Les colonies

C’était peu d’assurer par des traités la soumission des alliés : il fallait la maintenir par une exacte surveillance. Aussi les Romains fondèrent-ils, presque en tous lieux, des colonies. C’était comme autant de corps-de-garde au milieu du camp ennemi.

On doit distinguer deux sortes de colonies : celles qu’on peut appeler civiles, et les colonies militaires.

Les premières consistaient dans la translation d’une partie du peuple vainqueur sur le territoire du vaincu, soit en occupant une des villes soumises, soit en fondant une ville nouvelle. Outre l’avantage d’implanter les moeurs et les lois romaines au milieu d’une nation alliée, le sénat y trouvait celui de se débarrasser d’un peuple turbulent, et de donner des terres à qui n’avait rien.

Les colonies militaires ne prirent naissance qu’après les guerres civiles ou les guerres trop lointaines. Ces deux sortes de guerre retenant fort longtemps le citoyen sous les drapeaux, il fallait bien, au sortir du service, l’indemniser de son dévouement et surtout le tenir éloigné de Rome, où sa présence eût été dangereuse. Alors on lui donnait le sol conquis à cultiver; alors on lui bâtissait une ville, et on le retenait, loin du pays natal, par l’appât de la propriété, et le simulacre des libertés du Forum.

Pour l’établissement d’une colonie, il fallait un sénatus-consulte. Le peuple nommait des commissaires, chargés de se transporter sur les lieux et d’inaugurer ce nouvel établissement, dans les formes les plus solennelles. Ces commissaires étaient toujours choisis parmi les plus éminents personnages. Arrivés au lieu désigné, ils présidaient aux sacrifices d’usage, et traçaient l’enceinte de la ville, s’il s’agissait d’en construire une.
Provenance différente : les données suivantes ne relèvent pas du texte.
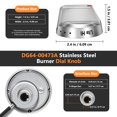 thumbnail image 4 of Dg64-00473A Perilla De Control De Quemador Superior De Repuesto Para Horno De Acero Inoxidable Compatible Con Perilla De Estufa De Gas Para Horno Samsung Nx58F5700Ws Nx58H5600Ss Nx58H5650Ws Nx58J7750S, 4 of 8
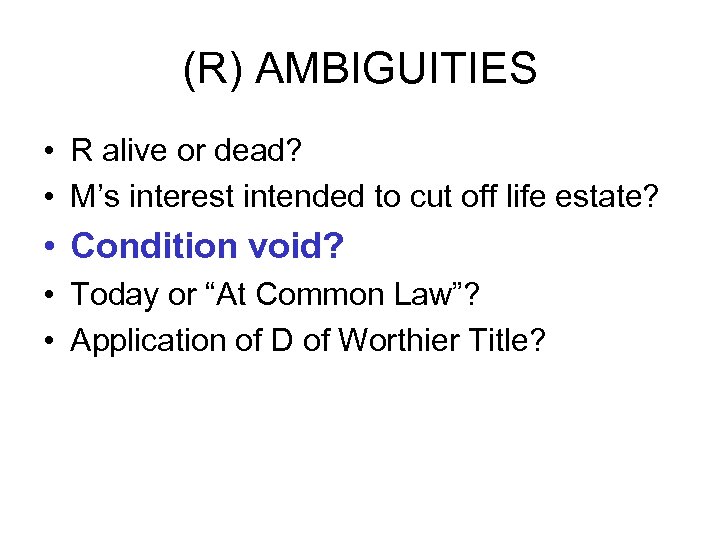 (R) AMBIGUITIES • R alive or dead? • M’s interest intended to cut off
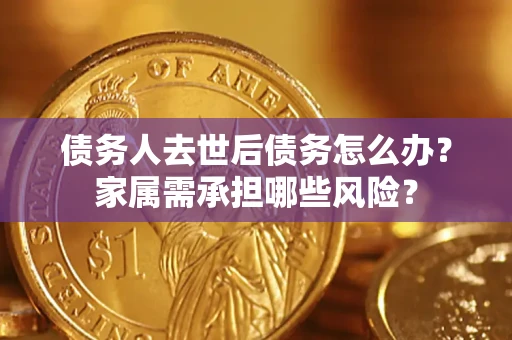 北京债务人去世后债务怎么办？家属需承担哪些风险？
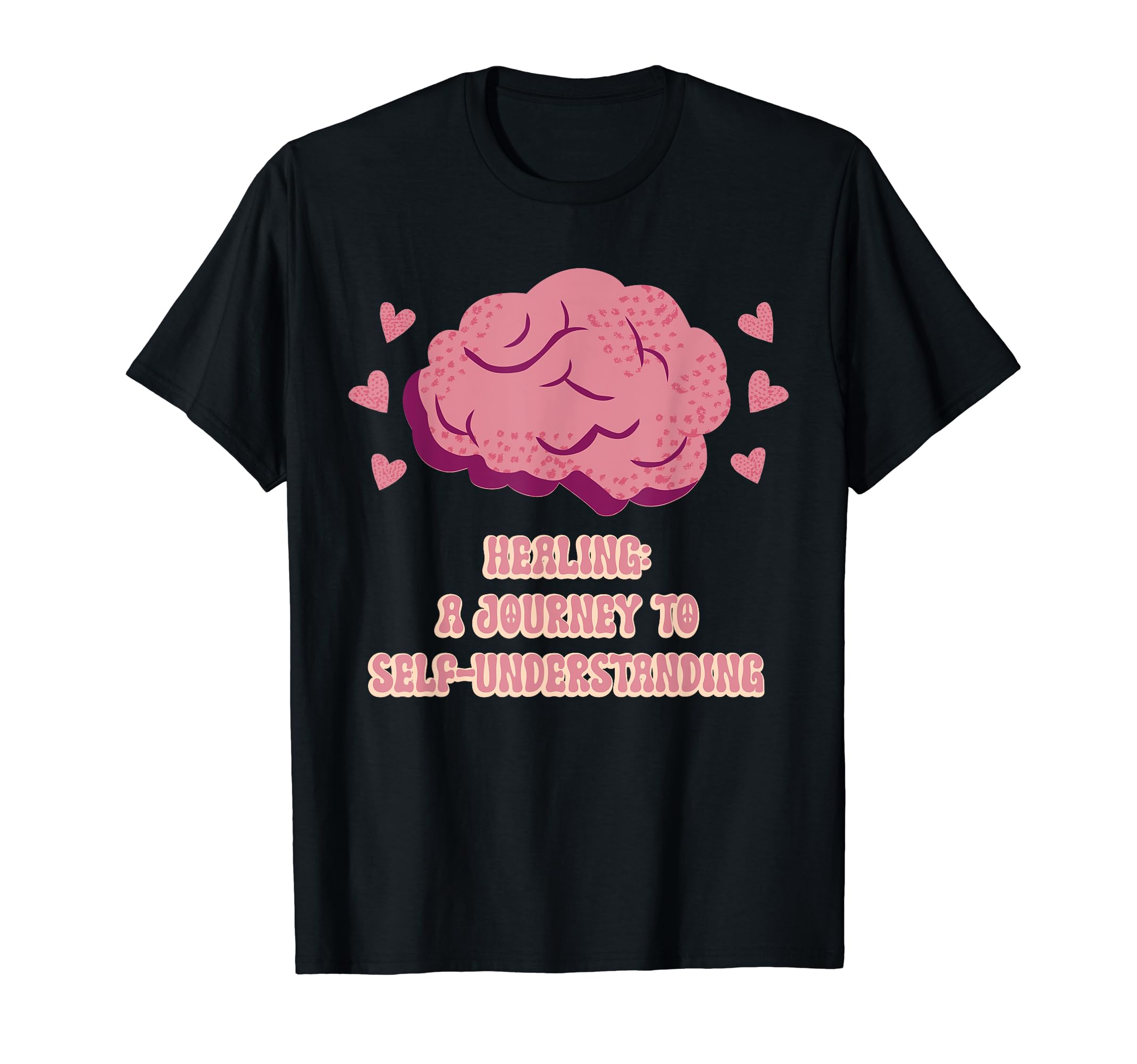 Healing Journey To Self Understanding T-Shirt - Graphic Print Unisex - T-Shirt, Sweatshirt, Hoodie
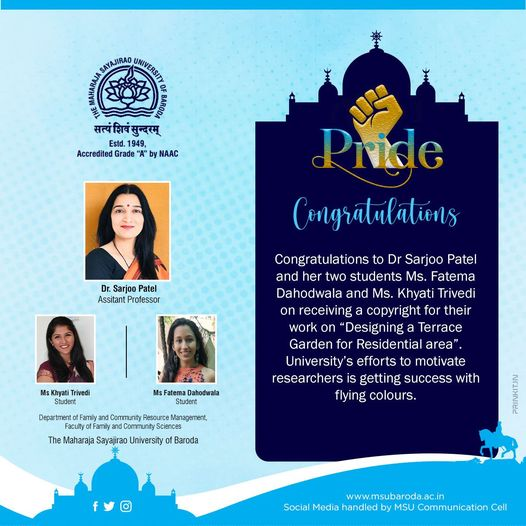 Themsubaroda's tweet photo. We Congratulate Dr Sarjoo Patel and her two research students Ms Fatema Dahodwala and Ms Khyati Trivedi on receiving copyright for their work on “Designing a Terrace Garden for Residential area”.
#Congratulations #copyright #residentialarea #education #themsu #baroda https://t.co/EEoRvwLvzR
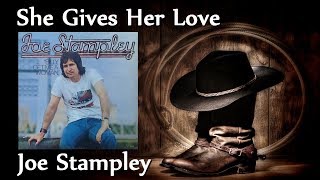 Joe Stampley - She Gives Her Love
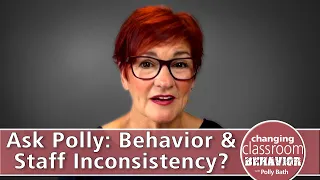 Ask Polly Bath: Behavior & Staff Inconsistency?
Une charrue, attelée d’un boeuf et d’une génisse, marquait cette enceinte. Derrière la charrue marchaient, en grande pompe, les sacrificateurs, les commissaires, les colons. A la place où devaient être les portes, on soulevait la charrue, pour qu’elle ne touchât pas la terre. De là est venu le mot porta (portare). Puis, on immolait le boeuf et la génisse, et l’on commençait les constructions. Les commissaires réglaient la distribution du terrain, et nommaient à toutes les fonctions administratives de la nouvelle colonie.
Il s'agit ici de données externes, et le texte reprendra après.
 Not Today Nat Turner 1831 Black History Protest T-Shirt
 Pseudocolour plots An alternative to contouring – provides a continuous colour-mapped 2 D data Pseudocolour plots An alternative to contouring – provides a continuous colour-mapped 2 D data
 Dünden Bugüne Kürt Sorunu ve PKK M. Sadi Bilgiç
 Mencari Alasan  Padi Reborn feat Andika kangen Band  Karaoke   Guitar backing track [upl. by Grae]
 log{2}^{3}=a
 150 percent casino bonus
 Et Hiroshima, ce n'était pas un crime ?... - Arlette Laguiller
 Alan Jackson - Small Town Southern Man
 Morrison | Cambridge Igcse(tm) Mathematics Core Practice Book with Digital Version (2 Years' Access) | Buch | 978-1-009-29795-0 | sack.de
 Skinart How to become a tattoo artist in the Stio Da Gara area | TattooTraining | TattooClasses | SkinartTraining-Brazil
Les privilèges des colonies étaient les mêmes que ceux des villes municipales.

Indépendamment des colonies, les Romains, suivant les circonstances, fondèrent, en diverses localités, des établissements qu’ils appelaient fora (Forum), proprement marchés ou lieux de réunion (forum Appii, forum Flaminii, forum Julii, etc.).
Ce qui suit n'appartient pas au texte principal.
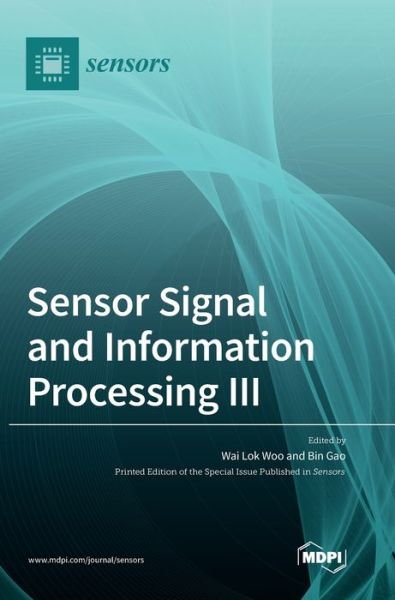Cover for Wai Lok Woo · Sensor Signal and Information Processing III (Hardcover Book) (2021)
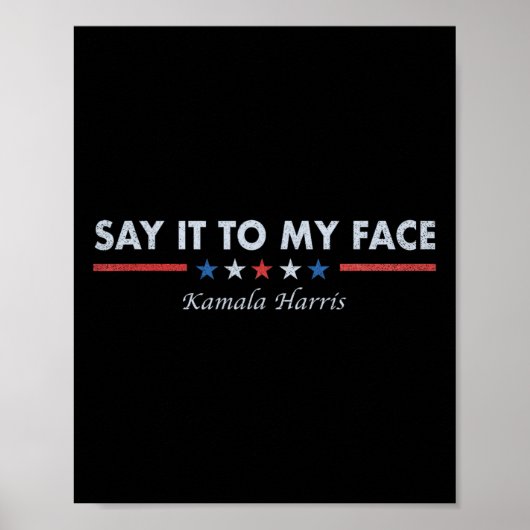 It to My Face Retro Gezegde 2024 Poster (Voorkant)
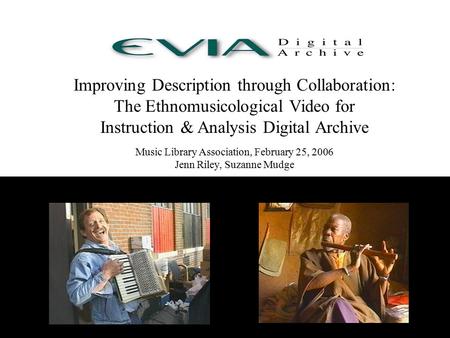 Improving Description through Collaboration: The Ethnomusicological Video for Instruction & Analysis Digital Archive Music Library Association, February.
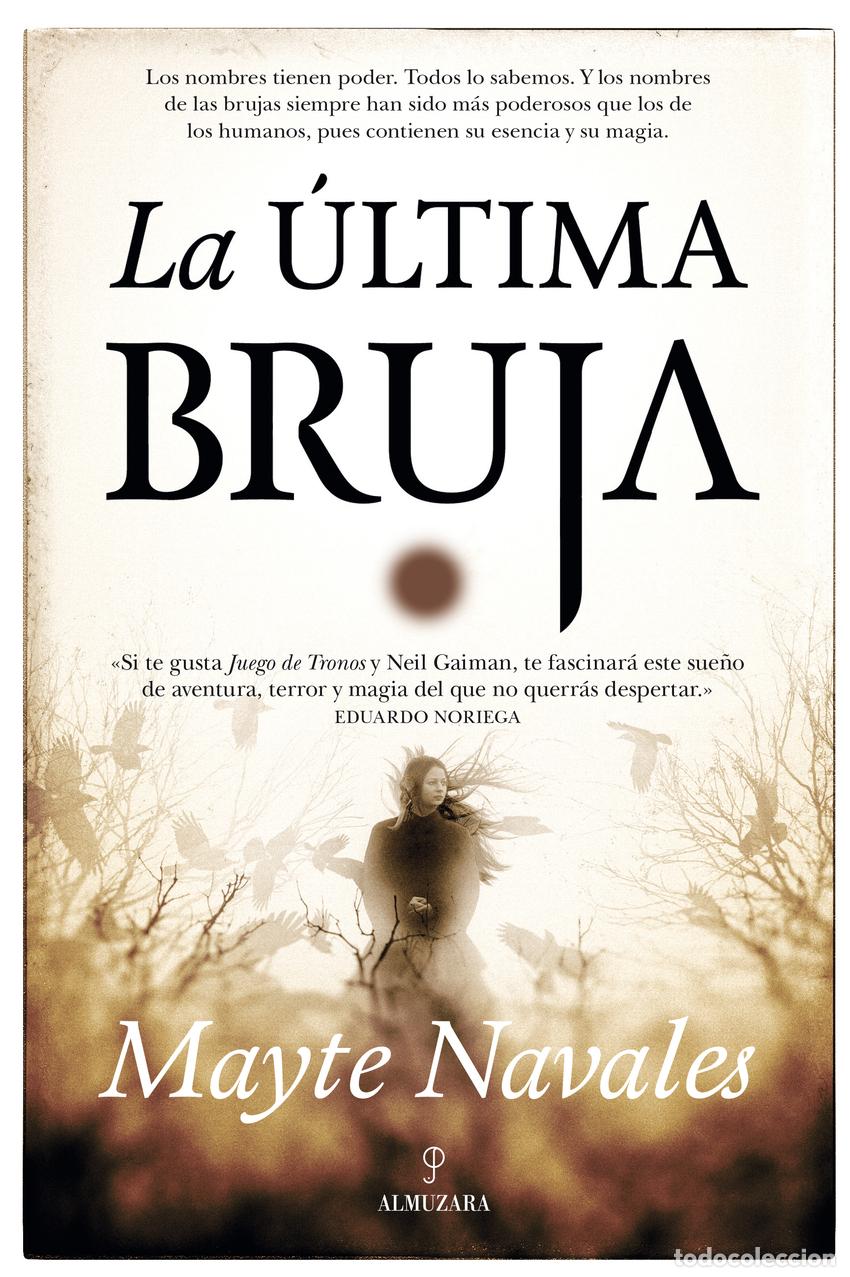 Libros: LA &Uacute;LTIMA BRUJA - Navales, Mayte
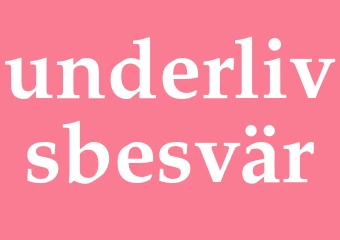 Synonym underlivsbesvär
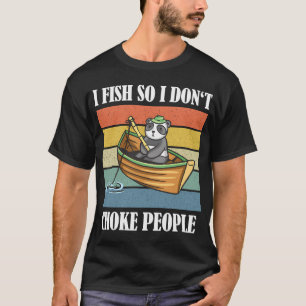 I Fish So I Don't Choke People Angling T-Shirt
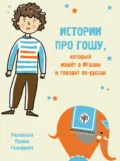 Истории про Гошу, который живёт в Италии и говорит по-русски. Книга для чтения с заданиями для билингвов - Полина Гельфрейх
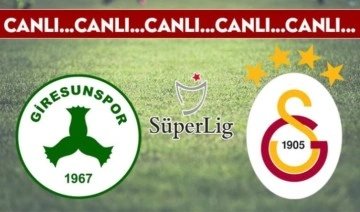 CANLI ANLATIM: Giresunspor - Galatasaray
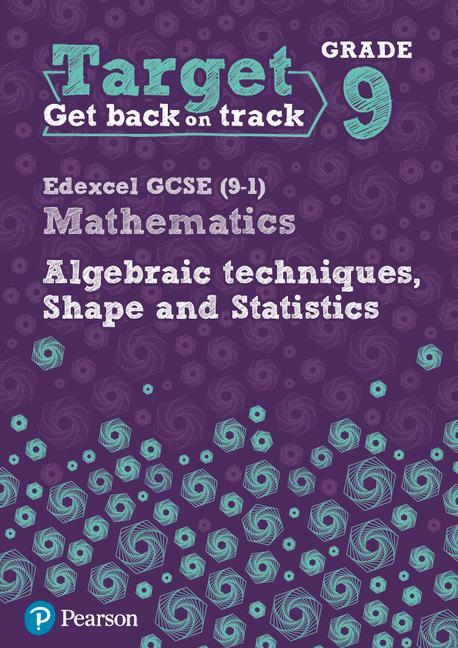 Target Grade 9 Edexcel GCSE (9-1) Mathematics Algebraic tech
Le motif de cette fondation paraît avoir été la nécessité d’établir la juridiction romaine, en présence des villes dans l’intérieur desquelles, en vertu des traités, elle ne pouvait pas s’exercer. Ces forums, toujours situés sur les grandes routes, par conséquent sur le passage des armées, étaient comme les étapes du despotisme. En posant là son tribunal, le magistrat militaire de Rome échappait aux exigences des villes municipales, et exerçait dans toute son étendue le pouvoir souverain.